Se la prima parte del sodalizio evocava un mood anni ’60, la nuova collezione invece ha un taglio decisamente più urban, con lo storico monogramma alternato a pois dai contorni poco definiti – ricreati con una particolare tecnica seriografica, che riproduce le pennellate di Kusama, dando vita a un effetto 3D dipinto a mano straordinariamente realistico –, che ricoprono ogni superficie in file regolari, creando pattern quasi ipnotici. Non solo, in omaggio alla storica installazione “Narcissus Garden” di Kusama – che fece il suo debutto nel 1966 in occasione delle Biennale di Venezia, quando ben 1500 sfere specchianti furono installate davanti al Padiglione Italia, sotto la scritta “Your narcissism for sale” – a adornare alcune creazioni della nuova collezione ci sono anche delle sfere metalliche di varie dimensioni e applicate a mano.
In occasione di questa seconda, tanto attesa collaborazione con Kusama, Louis Vuitton sta ridisegnando i propri store: dal civico 101 delle Champs-Élysées – dove una gigantesca scultura dell’artista nipponica abbraccia l’edificio del flagstore parigino intenta a disegnare pois per tutta la parete – passando per la 5th Avenue di New York e gli Harrods di Londra, arrivando poi anche a Tokyo, dove sono stati realizzati spazi immersivi dedicati per tutta la città. A Milano lo scorso 6 gennaio la maison francese, con l’incombente arrivo della settimana della moda, ha inaugurato uno spazio dove lo shopping si mixa all’arte, in un progetto che esalta la visione e la filosofia di Kusama con un allestimento totalizzante. Così l’ex Garage Traversi in via Bagutta – già utilizzato dal brand durante il Fuorisalone, per esporre la mostra Louis Vuitton Objects Nomades – si è trasformato in un concept store: se al piano terra e al secondo piano è possibile trovare le collezioni uomo e donna del marchio, il primo piano sarà dedicato a degli allestimenti speciali come l’attuale pop-up incentrato sulla collaborazione con l’artista giapponese.

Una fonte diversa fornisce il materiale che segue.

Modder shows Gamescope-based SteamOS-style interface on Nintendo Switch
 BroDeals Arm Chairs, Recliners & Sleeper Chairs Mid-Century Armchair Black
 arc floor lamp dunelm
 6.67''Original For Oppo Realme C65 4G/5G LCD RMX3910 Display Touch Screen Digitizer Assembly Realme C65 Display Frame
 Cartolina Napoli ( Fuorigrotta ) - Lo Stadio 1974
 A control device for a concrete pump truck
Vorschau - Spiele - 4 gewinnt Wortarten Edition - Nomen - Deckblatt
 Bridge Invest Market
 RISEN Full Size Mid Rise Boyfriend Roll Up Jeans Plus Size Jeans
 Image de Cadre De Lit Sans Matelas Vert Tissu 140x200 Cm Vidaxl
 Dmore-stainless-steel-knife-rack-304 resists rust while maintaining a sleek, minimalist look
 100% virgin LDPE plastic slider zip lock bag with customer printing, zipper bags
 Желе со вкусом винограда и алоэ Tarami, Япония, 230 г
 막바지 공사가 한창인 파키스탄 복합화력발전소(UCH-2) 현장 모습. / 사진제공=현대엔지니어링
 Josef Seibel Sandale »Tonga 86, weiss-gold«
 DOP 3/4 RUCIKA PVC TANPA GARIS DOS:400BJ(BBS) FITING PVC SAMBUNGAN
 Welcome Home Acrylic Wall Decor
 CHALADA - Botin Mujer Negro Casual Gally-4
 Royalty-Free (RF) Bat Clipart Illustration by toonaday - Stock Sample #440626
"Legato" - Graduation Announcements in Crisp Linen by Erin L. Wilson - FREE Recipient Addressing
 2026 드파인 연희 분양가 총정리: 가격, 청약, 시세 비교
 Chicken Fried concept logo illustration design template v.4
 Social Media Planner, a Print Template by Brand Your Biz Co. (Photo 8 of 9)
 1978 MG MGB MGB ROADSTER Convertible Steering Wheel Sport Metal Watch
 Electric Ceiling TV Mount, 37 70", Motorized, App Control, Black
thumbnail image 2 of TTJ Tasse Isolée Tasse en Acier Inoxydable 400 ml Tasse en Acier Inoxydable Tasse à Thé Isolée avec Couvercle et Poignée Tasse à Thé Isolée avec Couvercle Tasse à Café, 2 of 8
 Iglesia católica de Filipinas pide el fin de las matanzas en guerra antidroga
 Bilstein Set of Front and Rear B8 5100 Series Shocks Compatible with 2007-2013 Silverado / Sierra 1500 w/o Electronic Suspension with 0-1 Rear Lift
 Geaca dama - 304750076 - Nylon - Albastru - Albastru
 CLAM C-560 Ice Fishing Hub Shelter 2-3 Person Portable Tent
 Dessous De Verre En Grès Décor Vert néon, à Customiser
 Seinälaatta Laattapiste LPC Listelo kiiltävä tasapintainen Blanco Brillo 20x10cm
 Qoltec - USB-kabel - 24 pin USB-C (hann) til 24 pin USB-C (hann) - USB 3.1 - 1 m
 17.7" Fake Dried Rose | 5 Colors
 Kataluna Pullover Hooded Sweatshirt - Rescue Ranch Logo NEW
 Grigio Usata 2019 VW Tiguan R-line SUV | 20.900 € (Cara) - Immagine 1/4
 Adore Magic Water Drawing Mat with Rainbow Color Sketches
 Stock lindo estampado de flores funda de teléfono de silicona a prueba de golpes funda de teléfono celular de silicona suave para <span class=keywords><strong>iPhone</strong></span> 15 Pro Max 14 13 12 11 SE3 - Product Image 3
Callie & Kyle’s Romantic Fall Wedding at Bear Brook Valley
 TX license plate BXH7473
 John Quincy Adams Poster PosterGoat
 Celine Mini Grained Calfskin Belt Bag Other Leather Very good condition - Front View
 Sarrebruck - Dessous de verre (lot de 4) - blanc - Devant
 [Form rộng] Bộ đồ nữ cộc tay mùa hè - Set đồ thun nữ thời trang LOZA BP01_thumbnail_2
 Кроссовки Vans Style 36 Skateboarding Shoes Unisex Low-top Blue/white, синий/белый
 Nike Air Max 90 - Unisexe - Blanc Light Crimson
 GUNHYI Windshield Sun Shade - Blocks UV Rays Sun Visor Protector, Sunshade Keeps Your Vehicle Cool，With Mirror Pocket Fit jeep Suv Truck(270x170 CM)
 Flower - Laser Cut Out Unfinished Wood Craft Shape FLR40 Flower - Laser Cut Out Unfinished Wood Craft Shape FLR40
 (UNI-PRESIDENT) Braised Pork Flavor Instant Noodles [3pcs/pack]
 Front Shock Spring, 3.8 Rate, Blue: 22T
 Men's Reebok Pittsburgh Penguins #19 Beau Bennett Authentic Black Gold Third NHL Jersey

Anche l’esterno dell’edificio parla la stessa lingua di Yayoi: la facciata presenta delle vetrine con il tema Infinity Dots, mentre sulla terrazza dominano tre enormi zucche dai colori accesi, ispirate al tema pumpkins caro all’artista. Non solo, la città non ha rinunciato a farsi attraversare dal flusso creativo che deriva dalla collaborazione, celebrandola attraverso animazioni che troviamo passeggiando nei dintorni dello store meneghino: se in piazza San Babila, antistante all’edificio, tre sculture a forma di zucca, realizzate dallo studio Kusama, svetteranno fino al prossimo 13 febbraio su altrettante colline progettate per l’occasione dall’architetto Caccia Dominioni; poco distante di lì, è anche possibile imbattersi in un singolare chiosco di fiori vestito di pois.
Insomma, negli ultimi mesi le città di tutto il mondo si sono riempite di colori grazie all’irruenta forza creativa della Kusama; quello stesso mondo che, in fondo, come lei stessa dice, non è altro che «un piccolo pois dell’Universo».